Lee Bontecou è nata nel 1931 a Providence, Stati Uniti. Disegna con la fuliggine e comincia a rappresentare aree circolari di vuoto che annunciano la sua estetica. Espone per la prima volta alla galleria Leo Castelli nel 1960. È l’inizio di un riconoscimento internazionale del suo lavoro, un fatto ancora raro per una donna negli anni Sessanta. Lee Bontecou sviluppa un’arte post-minimalista, o associata a un surrealismo tardivo – a volte considerata femminista –, ma in realtà sfugge a qualsiasi categoria. Desidera «mostrare gli aspetti di timore, speranza, bruttezza, bellezza e mistero che esistono in ciascuno di noi». A metà degli anni Sessanta si allontana dal mondo dell’arte e presenterà le sue opere solo molto di rado.
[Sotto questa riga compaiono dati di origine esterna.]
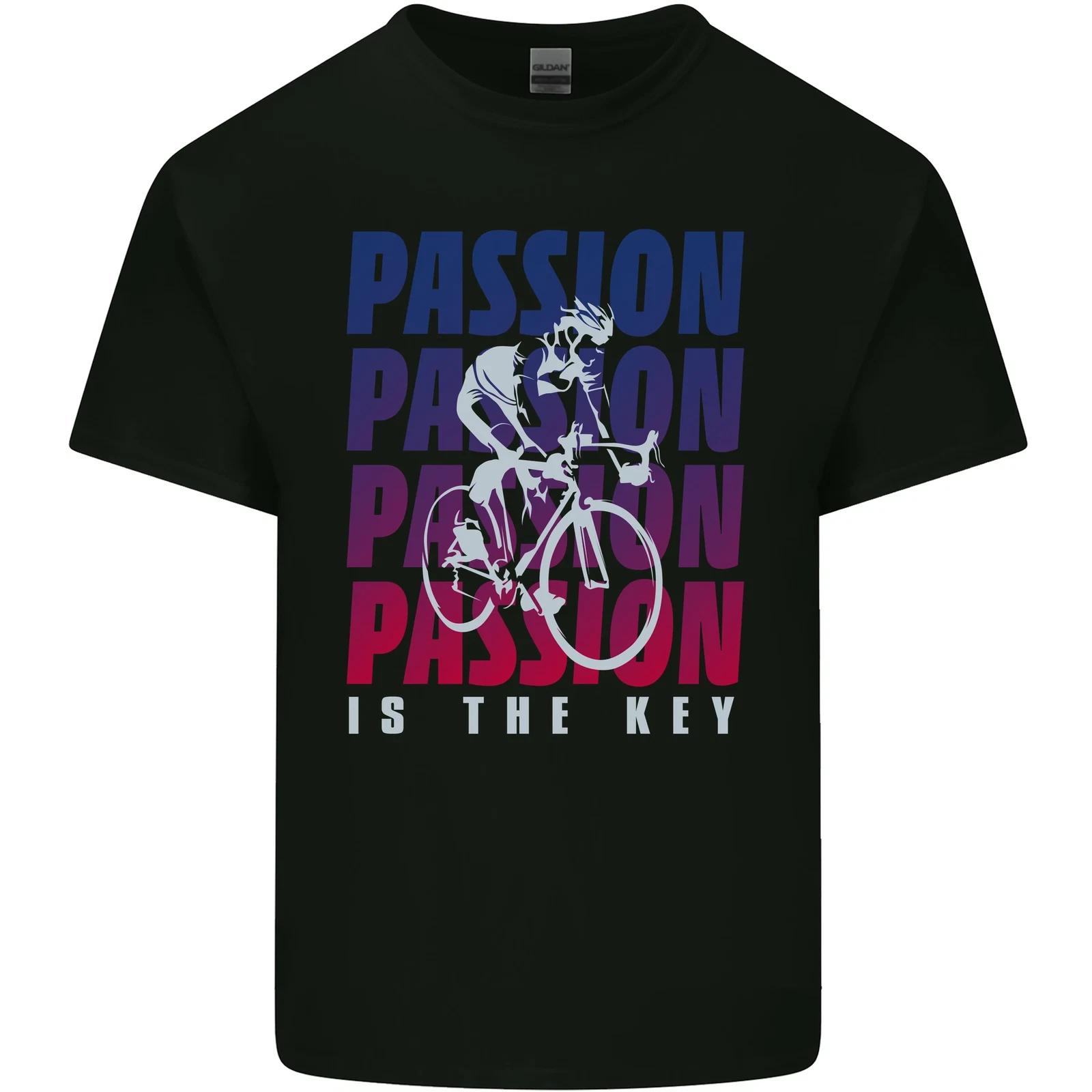 Cycling Passion Is the Key Cyclist Funny Kids T-Shirt Childrens L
Negli anni Novanta è stata riscoperta da una nuova leva di artisti. Lee Bontecou appartiene a una generazione di scultrici come Eva Hesse, Louise Bourgeois, Yayoi Kusama o anche Alina Szapocznikow, che danno forma a un pensiero organico del corpo.
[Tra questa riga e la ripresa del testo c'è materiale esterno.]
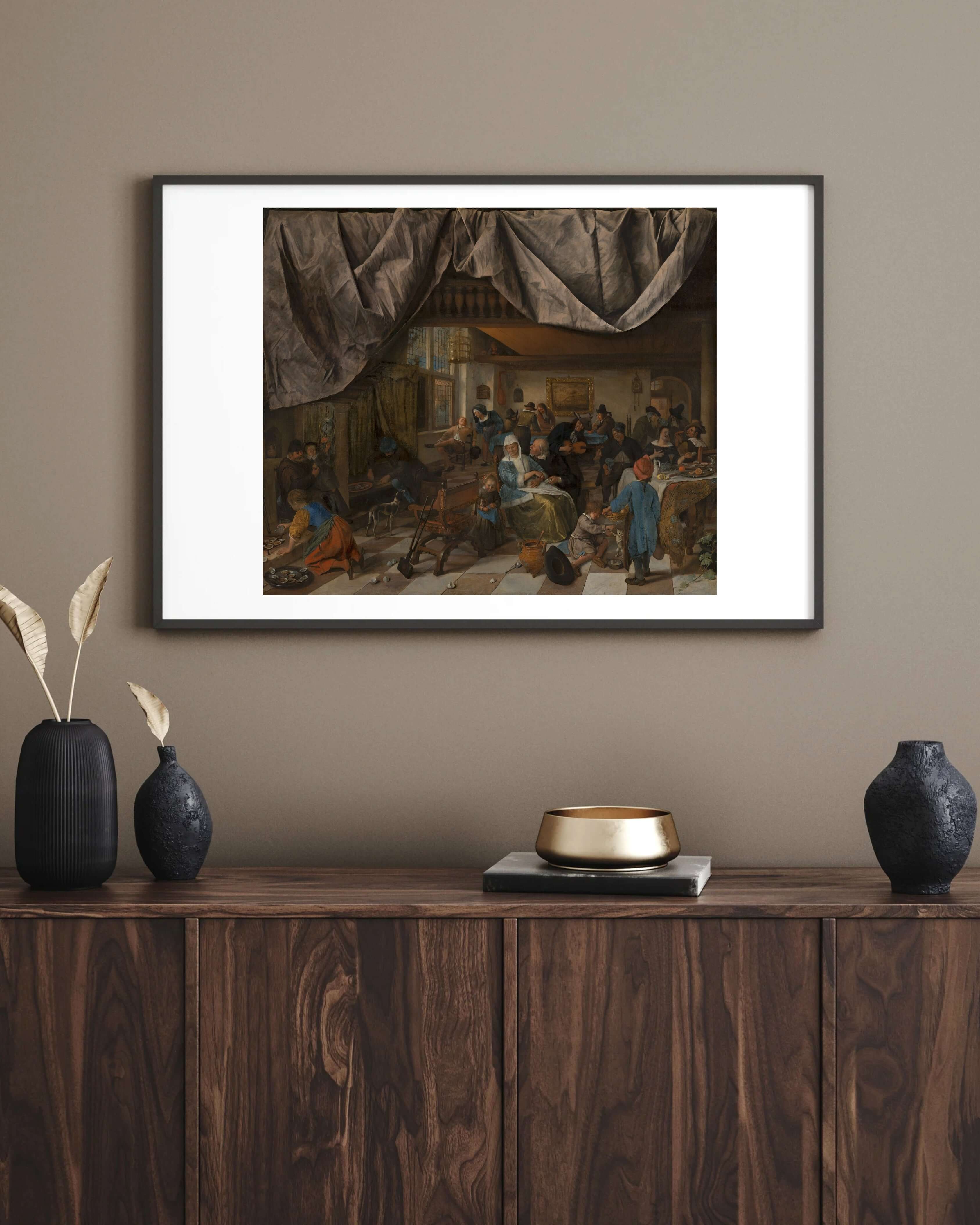 Jan Havicksz. Steen - İNsanın Hayatı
Lee Bontecou è nota per le sue sculture montate a muro, cucite e saldate, realizzate in materiali industriali diversi come rame, ferro, resine epossidiche, ma anche in sostanze più organiche come fossili, ossa, tela, o ancora con oggetti trovati e surplus di attrezzature militari che si procura dai rigattieri di New York. Le sue monumentali costruzioni – aerodinamiche, violente, incavate, forate, metalliche – sembrano contraddistinte dal ricordo della Seconda guerra mondiale, quando la madre dell’artista lavorava nelle fabbriche che costruivano sottomarini. Lee Bontecou, del resto, è attenta anche agli echi della guerra in Vietnam. Le sue opere, che hanno una forte presenza plastica, sono organiche e meccaniche al contempo, ed evocano il corpo e le macchine, l’astratto e il figurativo, ispirandosi all’iconografia della guerra fredda, ma anche ai cubisti. Alcuni critici d’arte considerano le sue sculture un’allusione al sesso femminile, ma Lee Bontecou cerca anzitutto di sfidare le convenzioni, nella scelta dei materiali così come nella presentazione, e secondo lei questo si può riassumere affermando «quanta più vita possibile – senza frontiere – senza limiti – la libertà in ogni senso del termine».

Il suo lavoro è stato presentato a Punta della Dogana in occasione della mostra "Untitled, 2020" (2020).